Although it can occur at any age, appendicitis is common in very young children and teenagers. At early ages, children experience serious difficulties in coping with appendicitis and in many cases they present with complications by the time they receive an appropriate medical treatment. Children perceive more intense symptoms of appendicitis and they often experience a wide range of uncharacteristic clinical manifestations. While older children are able to communicate their distress, very young children and babies are unable to express themselves and thus they are more difficult to diagnose with internal disorders such as appendicitis.

While the most common clinical manifestations of appendicitis in adults are intense abdominal pain and discomfort (at first in the umbilical region, later spreading to the right lower side of the abdomen), nausea and fatigue, children may experience additional symptoms such as irritability, loss of appetite, vomiting, diarrhea or constipation. Considering the fact that appendicitis often involves bacterial infection of the vermiform appendix, children commonly experience high fever, intense sweating and chills. Infants and very young children may experience exacerbated appendicitis symptoms.

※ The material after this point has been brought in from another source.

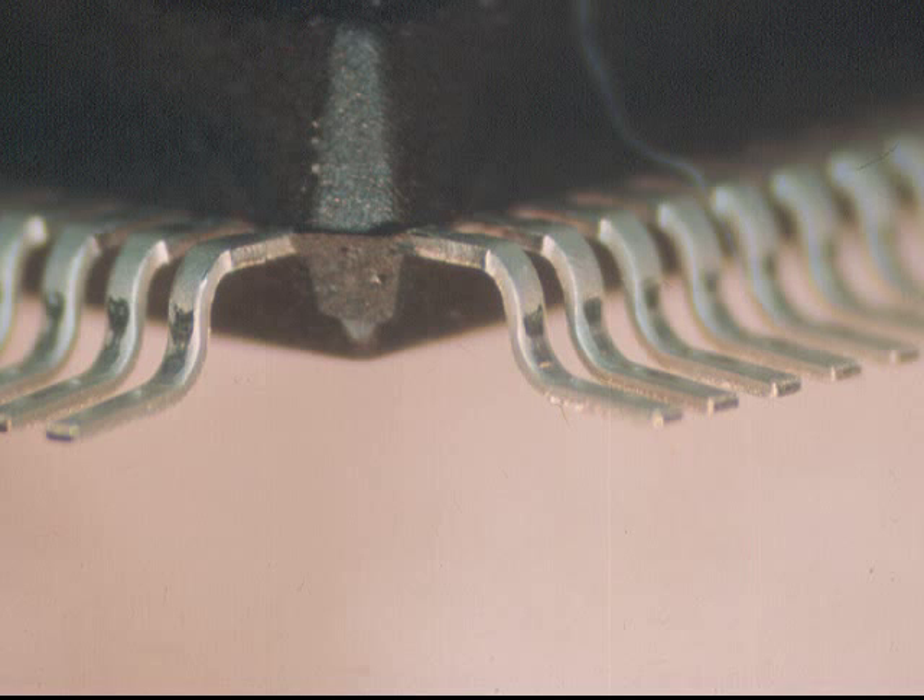When the components are made, the lead is formed and then cut. So on the end of the termination there can be bare base material, which can be copper, nickel-iron, or Kovar. Consequently this is difficult to solder, and as it oxidizes during storage, this area becomes even more difficult to solder.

Although children often experience intense, visible symptoms of appendicitis, such clinical manifestations mimic those of various other internal disorders and thus they aren’t reliable in the process of diagnosis. Considering the fact that some medical techniques such as computerized tomography (CT) and ultrasound tests aren’t always appropriate for diagnosing very young children and infants, doctors usually perform more elaborate physical examinations (abdominal and rectal examinations) along with blood analyses instead. If all clinical manifestations and blood tests results point to appendicitis, doctors usually recommend medical intervention.

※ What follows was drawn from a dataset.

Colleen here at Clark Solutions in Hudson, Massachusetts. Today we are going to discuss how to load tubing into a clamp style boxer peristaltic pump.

The medical treatment for appendicitis requires surgical intervention. The medical procedure for removing the diseased appendix is called appendectomy and nowadays it can be performed safely and with minimal scarring. Timely performed, appendectomy can prevent the occurrence of serious complications (rupturing of the appendix, sepsis, abcess) and doctors recommend this surgical intervention to most young patients diagnosed with appendicitis.

It is very important to ask for medical guidance as soon as you spot any signs of abdominal pain and discomfort in your child. Abdominal pain, vomiting and fever are common signs of childhood appendicitis and you should quickly inform a doctor of the presence of such manifestations in your child.